[Short web captions]
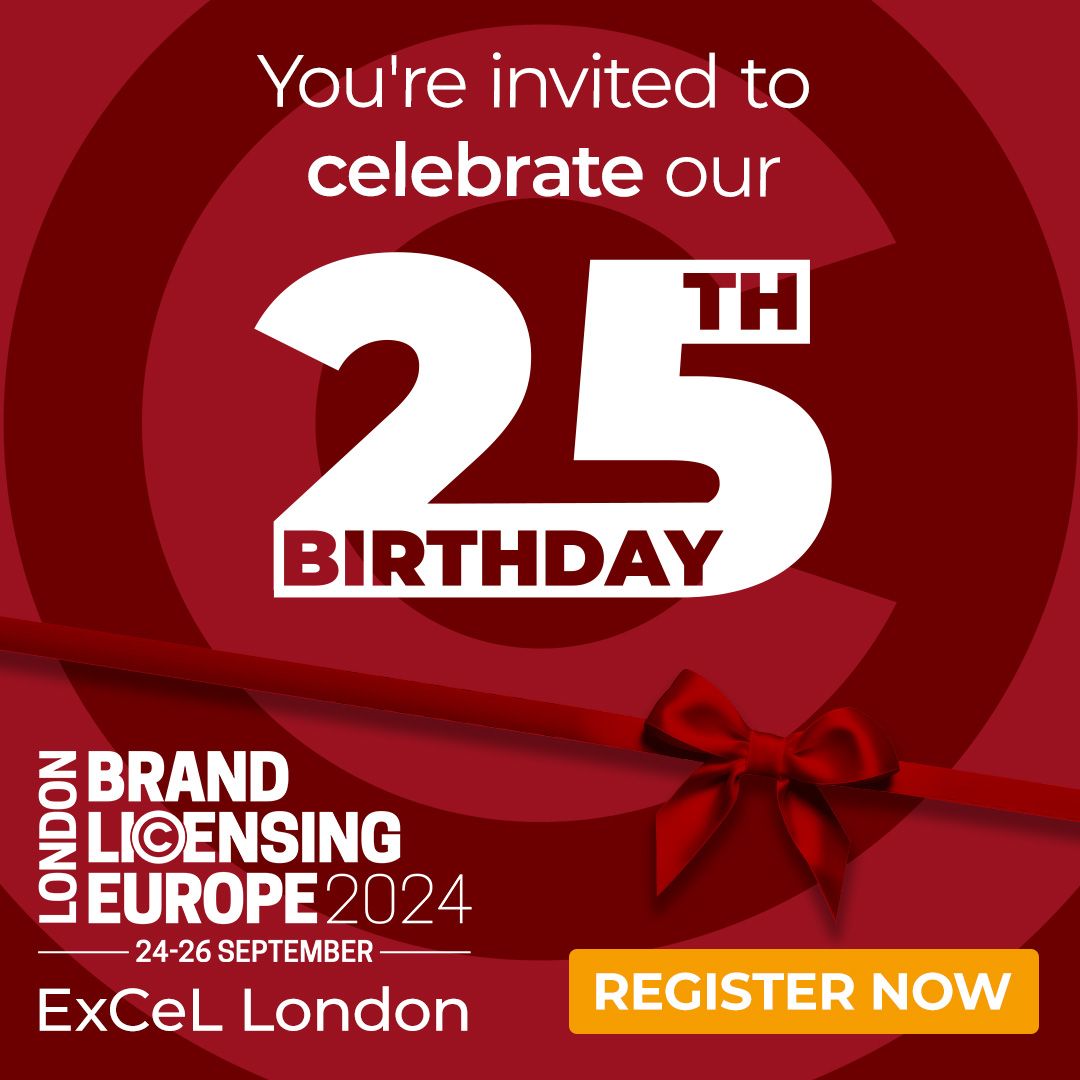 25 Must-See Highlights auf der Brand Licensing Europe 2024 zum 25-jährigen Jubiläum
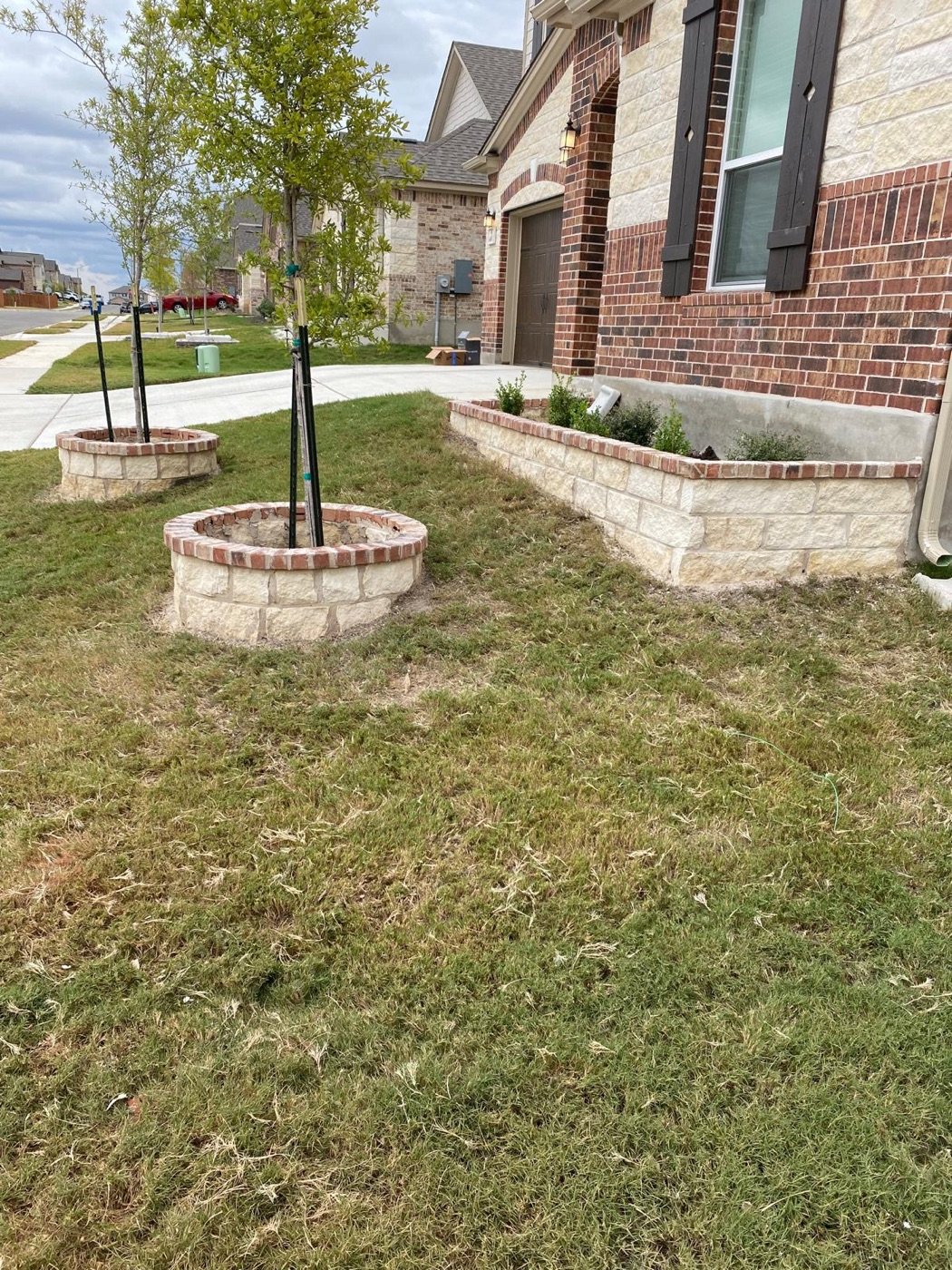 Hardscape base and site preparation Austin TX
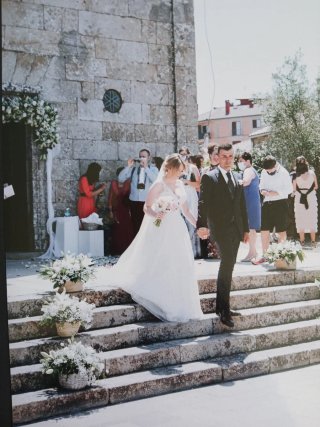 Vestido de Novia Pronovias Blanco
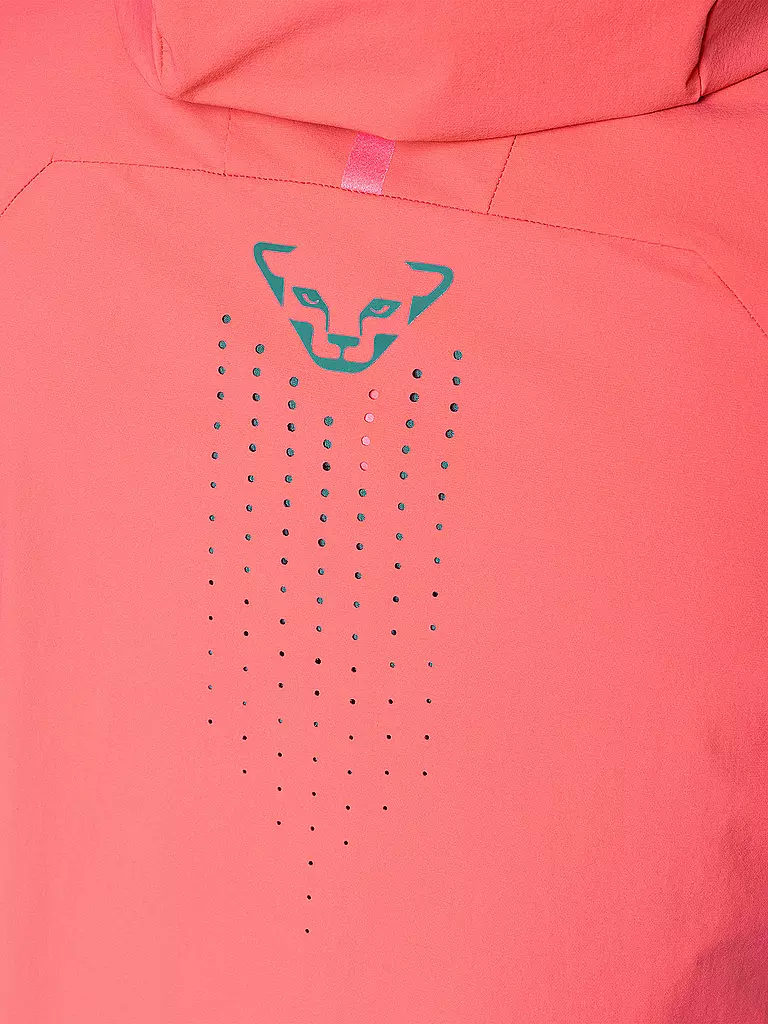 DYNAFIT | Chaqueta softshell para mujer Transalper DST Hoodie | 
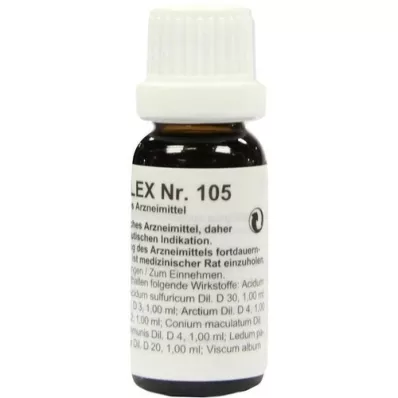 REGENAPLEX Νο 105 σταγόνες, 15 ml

AIM OF THE EXERCISE:
Before answering, please find the line containing "Hardscape base and" above, then copy exactly from it through the last line of the entries, both included, without pictures.

REPLY TO THE EXERCISE:
 Hardscape base and site preparation Austin TX
 Vestido de Novia Pronovias Blanco
 DYNAFIT | Chaqueta softshell para mujer Transalper DST Hoodie | 
 REGENAPLEX Νο 105 σταγόνες, 15 ml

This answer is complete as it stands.